I don't generally gravitate towards western set historical romances. Cowboys do not make my little heart go pit-a-pat. But every now and again, I dip back into the sub-genre to see if things have changed for me at all. Unfortunately, the answer, as of this reading, is still no.
Tanzy escaped from her Kentucky mountain home after her whole family died feuding with neighbors. Once she was left defenseless, her uncle planned to marry her off to her horrible cousin. Instead she fled to St. Louis where the only work she could find was in a gambling hall, not the place for a respectable girl. And so on the advice of another girl, she becomes a mail order bride, traveling out to Colorado Territory to marry Russ Tibbolt. Her first sight of him is when he defends the stagecoach against bandits and she feels a frisson of something for him even then. So it is a shock to her to hear that he is persona non-grata in the small western town.
In his youth, he was convicted of murdering the town leader's younger brother and although the conviction was a set-up, he did his time and has come back to Boulder Gap to resume his life. Too bad the townsfolk, led by Stocker Pullet, won't let him, continuing to believe Stocker's assertion that Russ is a liar and a murderer. No matter what Tanzy thinks about the man she somehow knows is decent, she refuses to be caught up in another feud so she isn't willing to marry him. Staying in town and starting to work as the local teacher, she comes to see the best in Russ and in a young boy, Tardy, whose aunt continually degrades and demeans him. When Tanzy's background is called into question and she loses the teaching job, she ends up out on Russ's ranch where she falls farther and farther in love with him and determines to clear his name somehow.
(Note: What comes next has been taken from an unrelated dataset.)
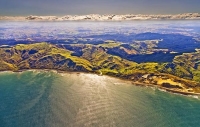 Aerial;Wairarapa_Coast;Wairarapa;Blue_sea;blue_sky;cumulus_clouds;rocky_shorelin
While the plot is intriguing, there's a lot of wishy-washy bits where we hear Tanzy and Russ disagree about the nature of the "feud" and whether or not it should be an impediment to their marriage. Add to that Russ's ingrained distrust of women and lack of respect for their opinions and you have a recipe for disaster. Even worse, Tanzy seems to finally understand that it's not a feud but almost immediately does an about face and becomes stupid over the subject again and Russ realizes that Tanzy is an honorable adn trustworthy woman but then turns right around and completely discounts her opinion again. Argh! Both she and Russ are fairly sympathetic characters but there wasn't much of a spark to speak of between the two of them. They'd have done better to partner in opening a home for wayward boys. OK, not really, but this felt entirely too long and drawn out, especially since it was not only clear who was framing Russ for cattle rustling but also how right from the beginning (and this was not carelessness on the author's part as he tells the reader). And so there was no suspense to speak of, lackluster sexual tension, and ubiquitous misunderstandings between characters here. I might have been more forgiving if this had occurred in a romance set in a time and place for which I have more fondness, but perhaps not. As I understand it, fans of western romances really love Greenwood though I did not.